[Buildroot] Some analysis of the major build failure reasons

Giulio Benetti giulio.benetti at benettiengineering.com
Wed Aug 4 10:04:50 UTC 2021


Hello Thomas,

On 8/3/21 2:48 PM, Giulio Benetti wrote:
> Hello Thomas,
> 
> On 8/3/21 2:24 PM, Giulio Benetti wrote:
>> On 8/3/21 9:28 AM, Thomas Petazzoni wrote:
>>> Hello Giulio,
>>>
>>> On Tue, 3 Aug 2021 00:56:24 +0200
>>> Giulio Benetti <giulio.benetti at benettiengineering.com> wrote:
>>>
>>>>> I have investigated this. It fails only on sh4, due an internal
>>>>> compiler error. It only occurs at -Os, at -O0 and -O2 it builds fine. I
>>>>> have reported gcc bug
>>>>> https://gcc.gnu.org/bugzilla/show_bug.cgi?id=101737 for this. Since I
>>>>> tested only with gcc 9.3.0 for now, I've started a build with gcc 11.x,
>>>>> to see how it goes.
>>>>>
>>>>> Based on the result, I'll send a patch adding a new
>>>>> BR2_TOOLCHAIN_GCC_HAS_BUG_101737 and disable -Os on pixman on SuperH
>>>>> based on this.
>>>>
>>>> I can do that since I've treated a lot of gcc bugs. Is it ok?
>>>
>>> Oh yes, sure! In the mean time, I have confirmed that gcc 11.1.0 is
>>> also affected by the same issue, and I have updated the gcc bug with
>>> that information. So to me, it seems like all gcc versions are affected.
>>
>> Great, I've sent this patchset for it:
>> https://patchwork.ozlabs.org/project/buildroot/list/?series=256392
>>
>>>>>>                            unknown | 31
>>>>>
>>>>> I did not look into these for now.
>>>>
>>>> I've taken a look into the last ones of today(the 31 ones)

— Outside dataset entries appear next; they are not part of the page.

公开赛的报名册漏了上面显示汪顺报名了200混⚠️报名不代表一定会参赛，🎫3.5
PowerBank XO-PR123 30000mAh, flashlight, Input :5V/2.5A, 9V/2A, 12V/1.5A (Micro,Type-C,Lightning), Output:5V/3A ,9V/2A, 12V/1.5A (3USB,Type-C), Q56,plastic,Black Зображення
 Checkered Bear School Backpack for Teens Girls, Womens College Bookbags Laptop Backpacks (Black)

>>>> @James: lot of your builds simply stuck after Make has finished(not on
>>>> linking but exactly on 'make: Leaving directory').
>>>>
>>>> I've noticed it time ago some time, and now it became very more
>>>> frequent. This is 9/10 your autobuilder giving that problem.

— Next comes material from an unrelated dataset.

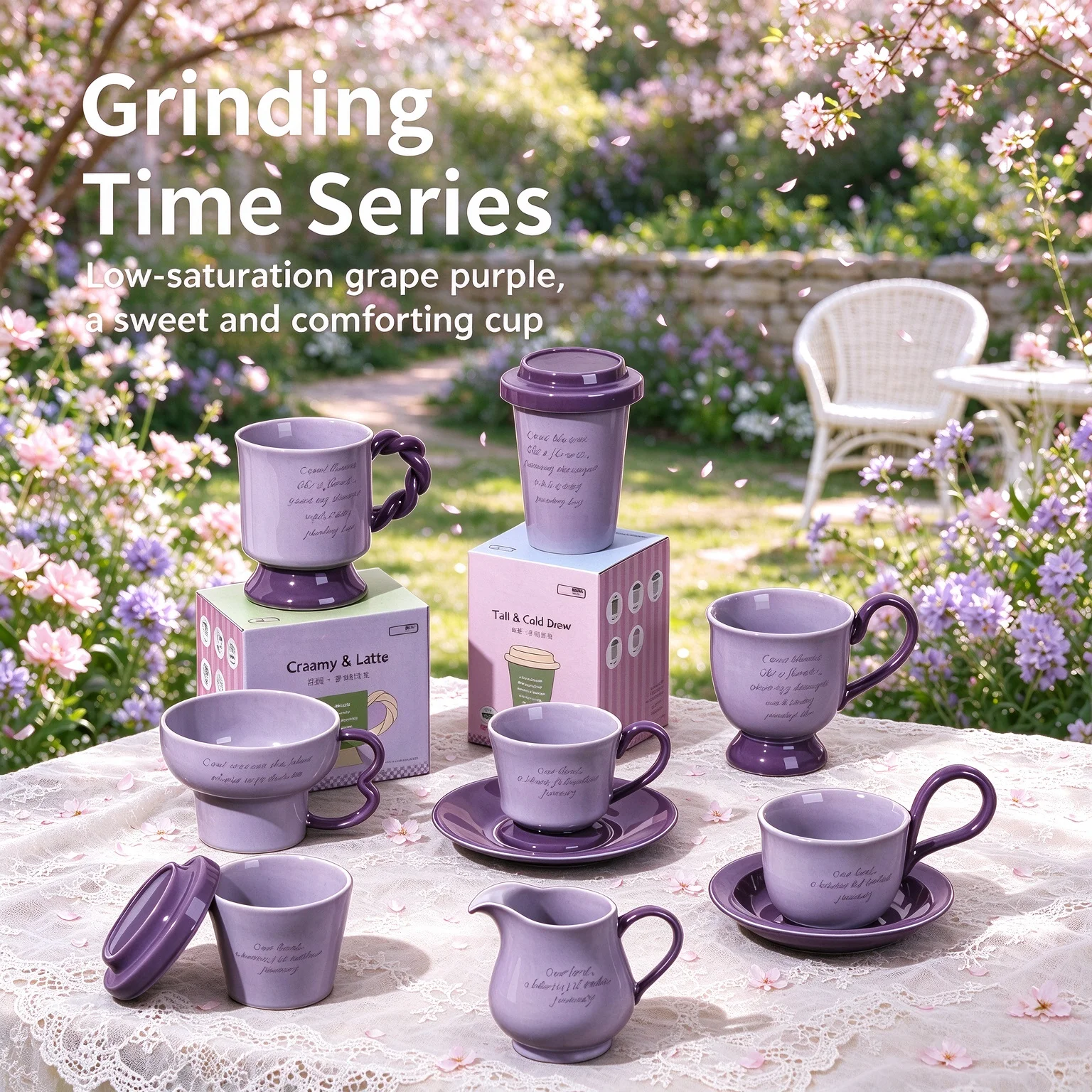 SHUNXIANG Ceramic Coffee Cup Grape Purple Porcelain Coffee Cup Set Multi-Capacity 220-450ml INS Style Mug with Handheld Gift Box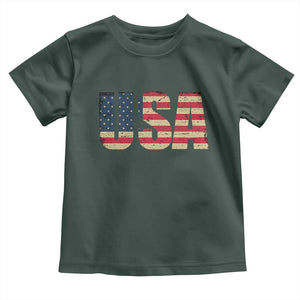 USA American Flag Toddler T Shirt Retro Vintage Patriotic TS02 Dark Forest Green Print Your Wear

>>>> And this happens at different Build Duration:
>>>> http://autobuild.buildroot.net/?reason=unknown
>>>> Also I see you use /tmp/ folder but I don't see anyone else doing that.
>>>> Isn't it maybe that your distro automatically cleans /tmp folder up? Or
>>>> it is mapped somewhere where disk gets full randomly?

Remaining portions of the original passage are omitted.